O Brasil está, cada dia mais, diante do governo STF. Há funções que são do Executivo que, em decisões recentes, o Supremo tem perigosamente invadido. Ao decidir que os estados, que recorreram, poderiam pagar juros simples na sua dívida, em vez de compostos, deu um passo no vazio. Se isso se confirmasse haveria uma desordem sem tamanho em todo o sistema de dívidas do país. Aquela confusão foi evitada por pouco quando o STF concedeu um prazo para que estados e União entrassem em acordo. Não foi perfeita a solução negociada, mas pelo menos se evitou uma ordem suprema que teria consequências imprevisíveis na economia.

Cada questão isoladamente traz sua razão interna. Todas juntas podem não caber no Orçamento. Governar é fazer escolhas. Em um país em crise fiscal é estar diante de escolhas dolorosas. É justo que o preso fique nestas condições na prisão? Não. Mas a melhor saída é dar uma indenização? Ou propor que os estados se apressem em ter prisões que mantenham a dignidade do preso? Existem exemplos no país que podem ser copiados e existe a necessidade urgente de se superar a indiferença em relação às prisões superlotadas e degradantes em que os infratores e criminosos são tratados como nem animais deveriam ser.
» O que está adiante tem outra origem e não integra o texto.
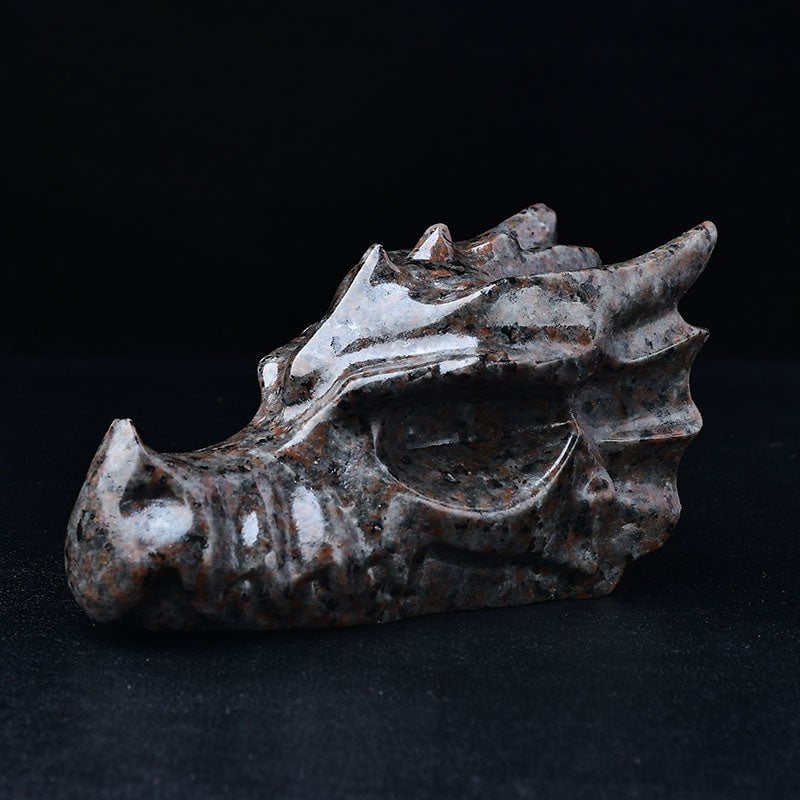 Flame Stone Carved Crystal Dragon Head Talisman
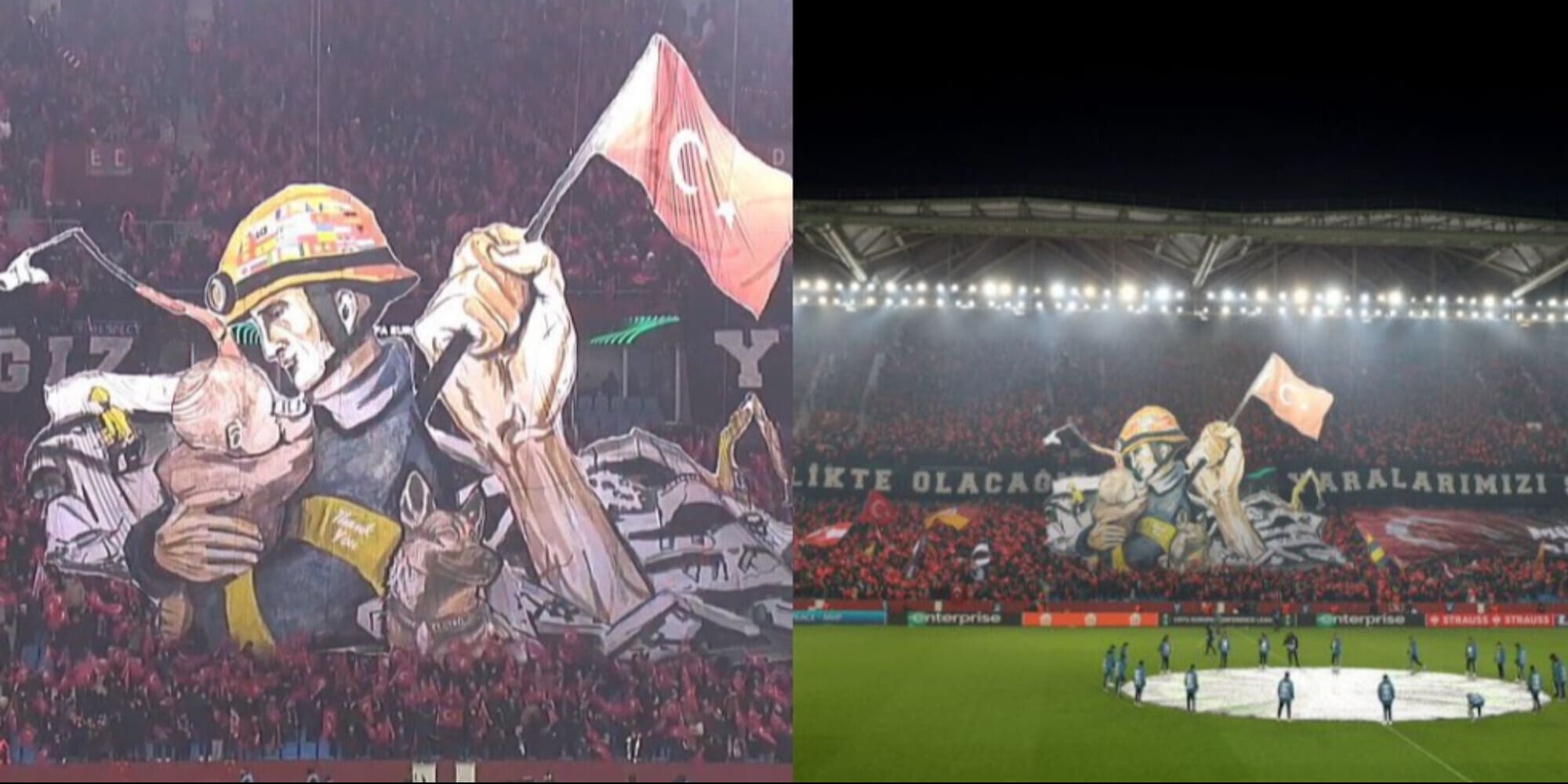 Terremoto Turchia, la coreografia dei tifosi Trabzonspor che emoziona il mondo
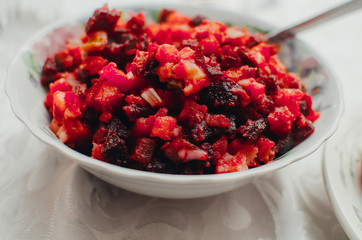 Salad on a plate close-up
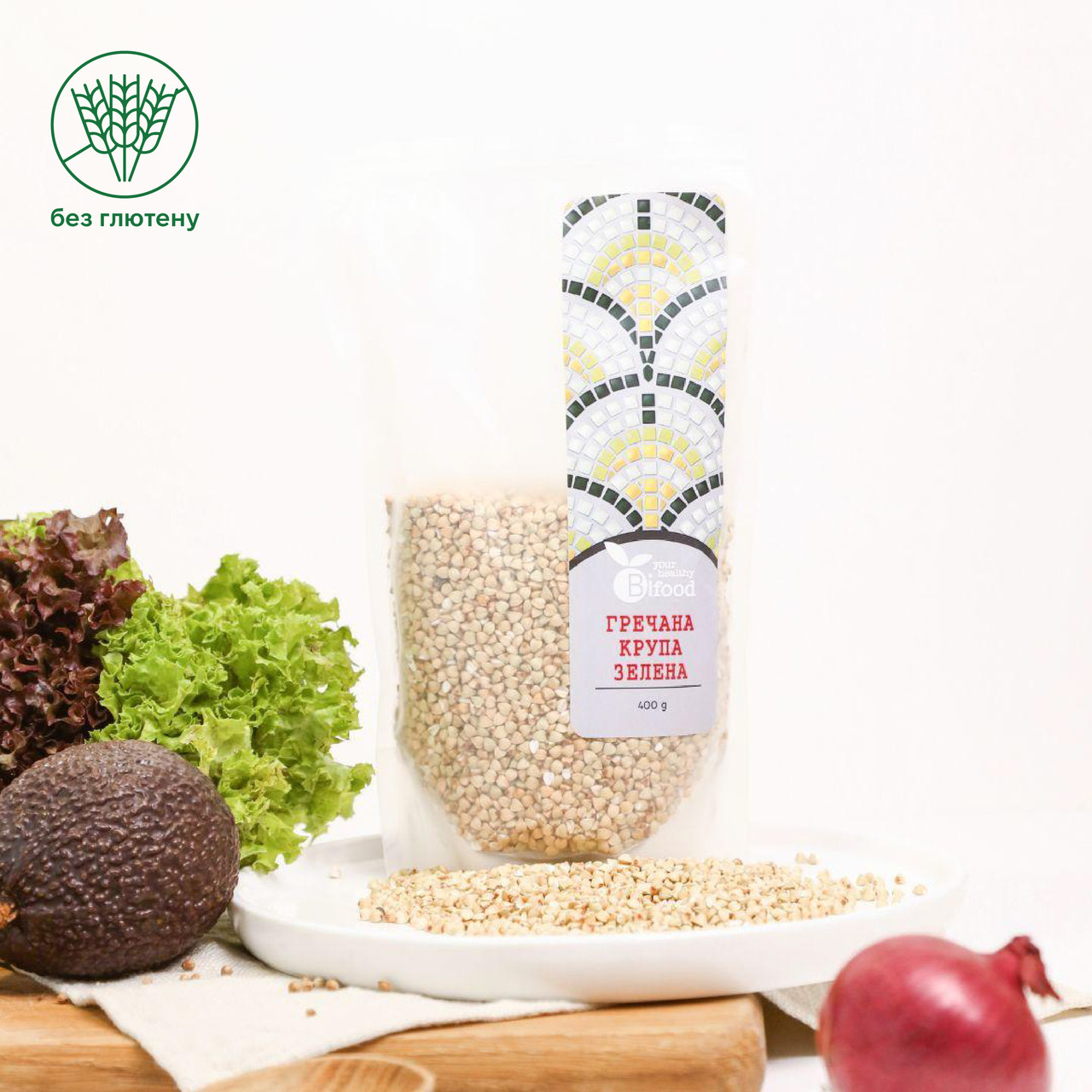 Гречка зелена Україна 400г Bifood
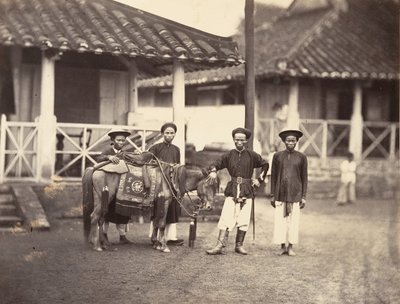 Varakas Annamite ratsastaa hevosella, Cochin Kiina, 1866. tekijältä Emile Gsell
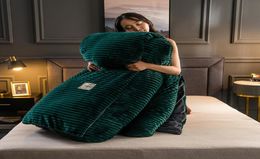 Flannel winter duvet Magic fleece quilts stripe bedding Solid warm comforter Velvet bed cover blanket LJ2010153022355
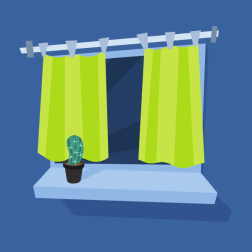 Window with green curtains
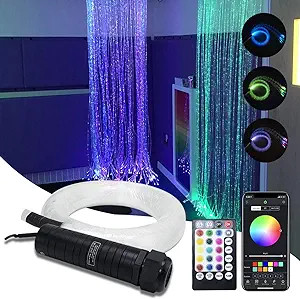 AMKI 6W RGBW Fiber Optic Curtain Light Kit, Bluetooth Waterfall Curtain Light for Window Kid Chil... | Amazon (US)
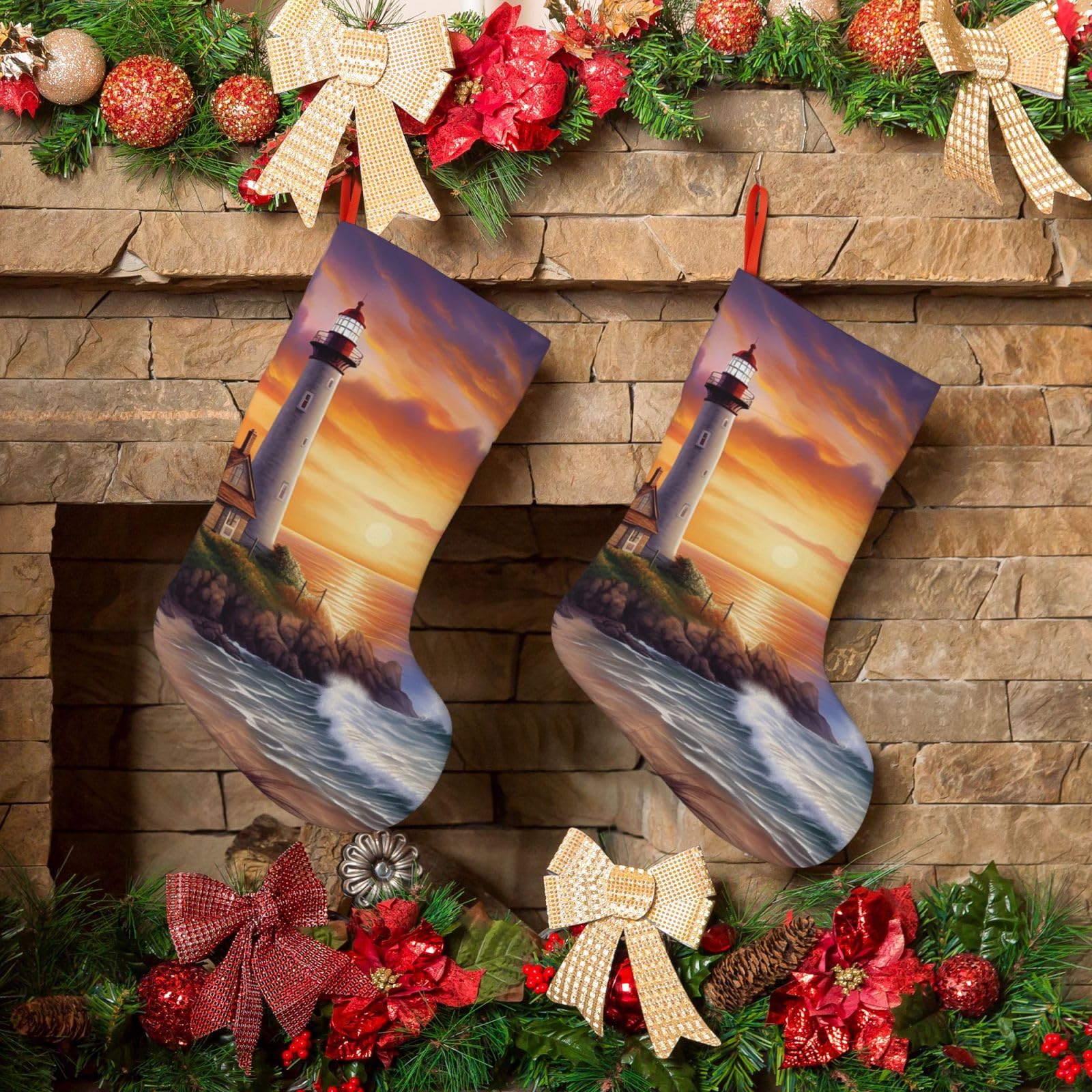 Lighthouse at Sunset Christmas Stockings 18 Inches Velvet Xmas Fireplace Hanging Stocking Rustic Christmas Santa Stockings for Home Christmas Decorations Party Favor Supplies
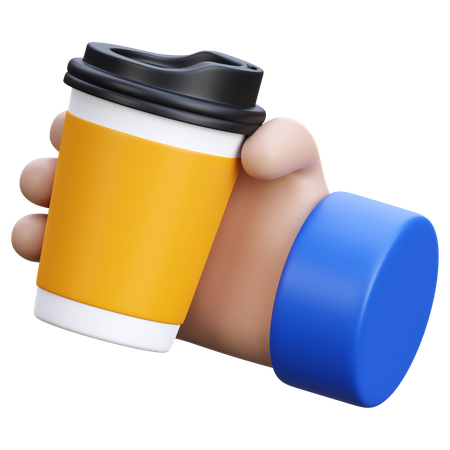 Hand Holding  Coffee  3D Icon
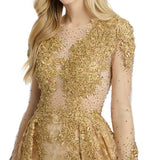 Mac Duggal Gold Lace and Beaded Gown NWT- Size 4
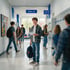 A teenage boy holds a paper in a school hallway with lockers.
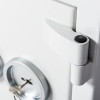 Close-up of the hinge on the de raat drs prisma security safe key lock showing metal details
Os ministros julgam cada causa separadamente, mas se não tiverem em mente o contexto geral, podem estar expedindo decisões impossíveis de serem cumpridas. Não basta dar uma ordem e achar que o problema foi resolvido numa sessão do plenário. Os presos permanecem em condições desumanas, mas agora com o direito de pedir, através do advogado, uma pequena indenização, que não cobre o agravo de que foi vítima.

O Supremo tem sido chamado para decidir sobre coisas demais no país. Tem um volume de trabalho descomunal porque é cada vez mais corte criminal, ao lado do seu papel de corte constitucional.